**Required work:** Without any pictures, reproduce exactly the lines running from the line containing "Bath mat RAYEN" through the end of the entries.

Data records
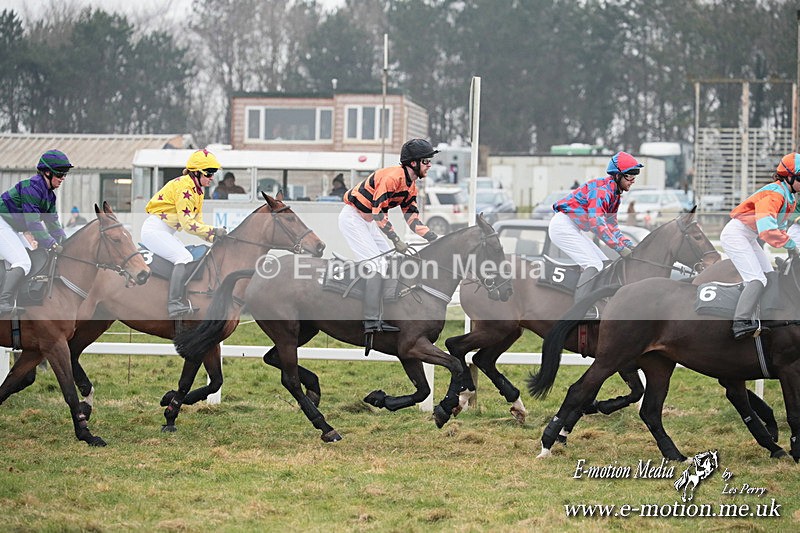 PtP 160225 174 - Combined Service Point-to-Point Races Larkhill 16/02/25
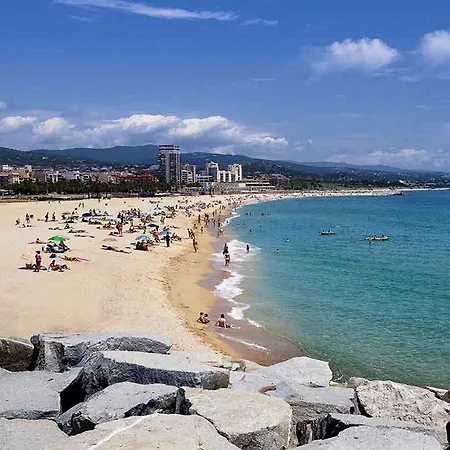 Hotel Barcelona Mataro
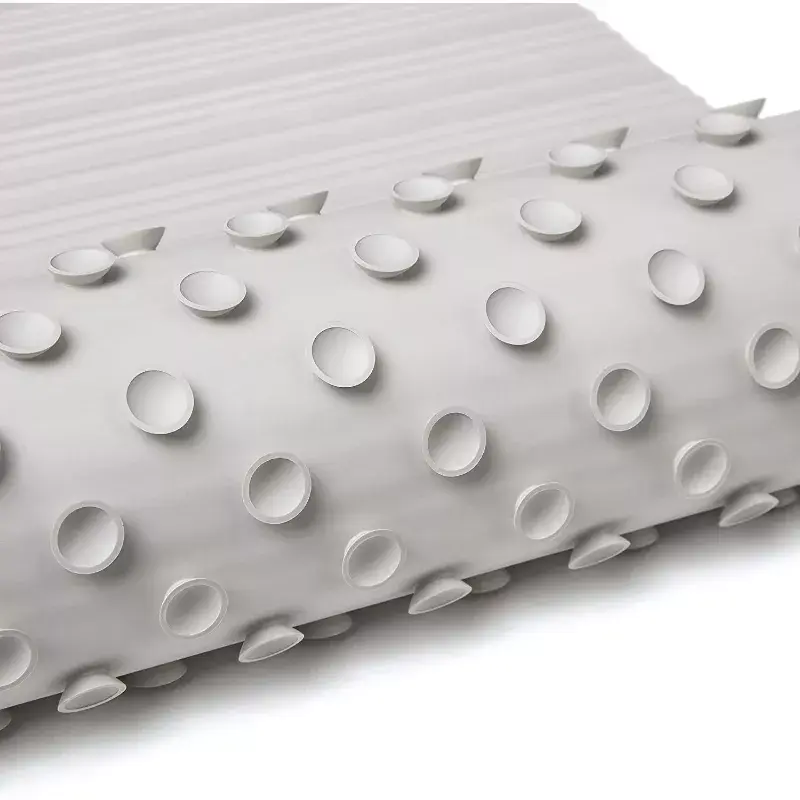 Bath mat RAYEN 01234001 non-slip 86x33 cm Photo 4
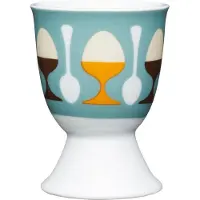 Kitchencraft - Eierdopje - Retro Eieren - KitchenCraft
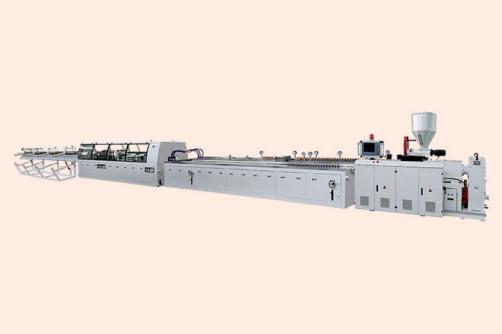 PVC 型材生產(chǎn)線(xiàn)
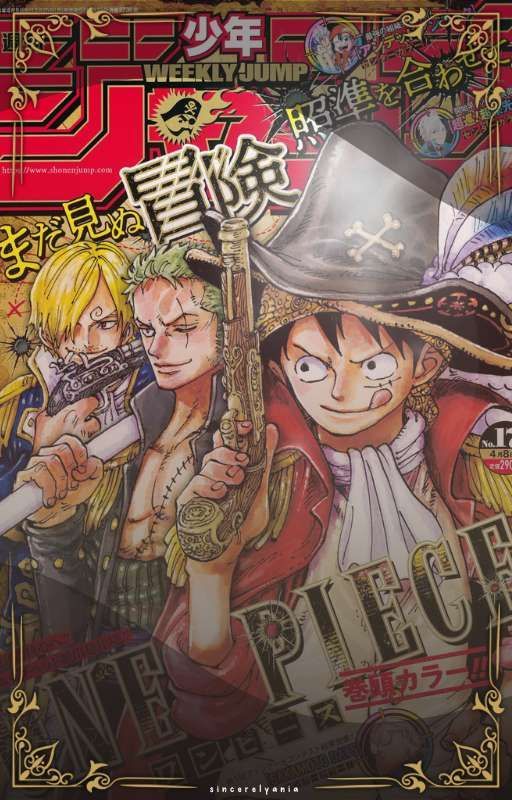 One Piece Reaction to Luffy and the Straw Hat Pirates by nikevsky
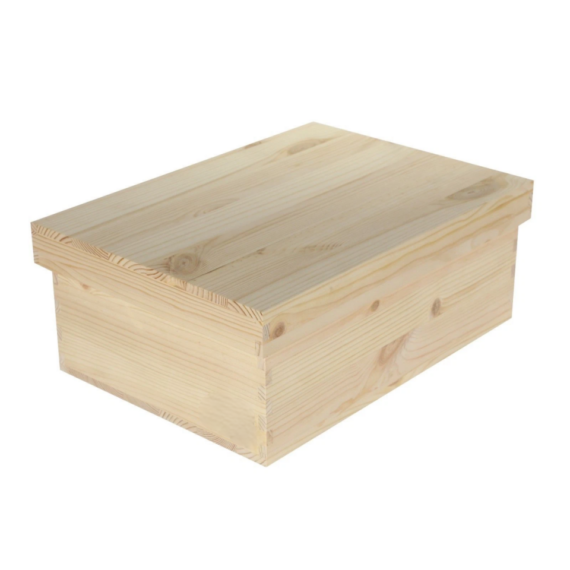 Shoe Box Coffee Table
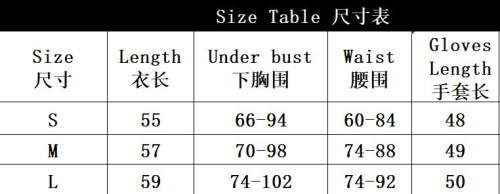 Women Sexy Transparent Bodysuit Mesh Underwire Lingerie with Gloves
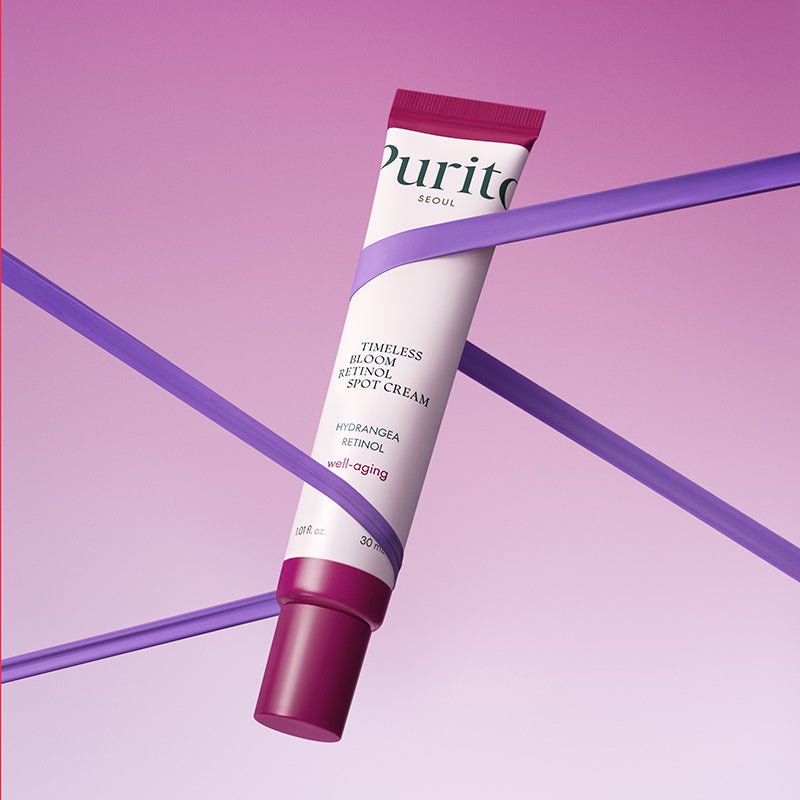 Purito : Timeless Bloom Retinol Spot Cream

**Solved problem:**
 Bath mat RAYEN 01234001 non-slip 86x33 cm Photo 4
 Kitchencraft - Eierdopje - Retro Eieren - KitchenCraft
 PVC 型材生產(chǎn)線(xiàn)
 One Piece Reaction to Luffy and the Straw Hat Pirates by nikevsky
 Shoe Box Coffee Table
 Women Sexy Transparent Bodysuit Mesh Underwire Lingerie with Gloves
 Purito : Timeless Bloom Retinol Spot Cream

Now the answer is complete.